§ **TASK OBJECTIVE**:
Range to output from the entries below: the line containing "casio-รุ่น-ltp" through the line containing "152 Salem St". Set it down exactly, ends included, nothing else.

┄┄┄┄┄┄┄┄┄┄

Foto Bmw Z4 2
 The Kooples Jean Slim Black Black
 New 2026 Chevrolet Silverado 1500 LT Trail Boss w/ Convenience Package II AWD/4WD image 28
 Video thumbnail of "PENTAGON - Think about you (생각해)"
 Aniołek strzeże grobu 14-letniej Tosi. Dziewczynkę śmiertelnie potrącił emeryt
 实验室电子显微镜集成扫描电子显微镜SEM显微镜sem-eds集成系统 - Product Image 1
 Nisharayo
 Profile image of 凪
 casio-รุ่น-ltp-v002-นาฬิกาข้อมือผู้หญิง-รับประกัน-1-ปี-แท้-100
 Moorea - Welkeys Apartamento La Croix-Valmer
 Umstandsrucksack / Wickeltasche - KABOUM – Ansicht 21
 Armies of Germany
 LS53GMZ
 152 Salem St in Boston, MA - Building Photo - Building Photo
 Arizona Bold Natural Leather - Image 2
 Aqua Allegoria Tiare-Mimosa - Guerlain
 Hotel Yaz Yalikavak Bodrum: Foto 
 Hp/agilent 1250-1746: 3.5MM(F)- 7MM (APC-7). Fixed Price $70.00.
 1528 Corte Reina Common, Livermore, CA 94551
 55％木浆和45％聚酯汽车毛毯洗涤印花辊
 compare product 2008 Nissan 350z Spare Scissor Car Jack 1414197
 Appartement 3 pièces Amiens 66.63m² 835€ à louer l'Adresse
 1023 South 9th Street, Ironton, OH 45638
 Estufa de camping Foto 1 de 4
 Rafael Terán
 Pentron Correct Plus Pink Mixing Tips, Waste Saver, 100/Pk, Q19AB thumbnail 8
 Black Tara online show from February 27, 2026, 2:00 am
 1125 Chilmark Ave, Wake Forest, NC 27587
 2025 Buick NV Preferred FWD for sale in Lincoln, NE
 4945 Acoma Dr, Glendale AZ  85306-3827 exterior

┄┄┄┄┄┄┄┄┄┄

§ **TASK SOLUTION**:
 casio-รุ่น-ltp-v002-นาฬิกาข้อมือผู้หญิง-รับประกัน-1-ปี-แท้-100
 Moorea - Welkeys Apartamento La Croix-Valmer
 Umstandsrucksack / Wickeltasche - KABOUM – Ansicht 21
 Armies of Germany
 LS53GMZ
 152 Salem St in Boston, MA - Building Photo - Building Photo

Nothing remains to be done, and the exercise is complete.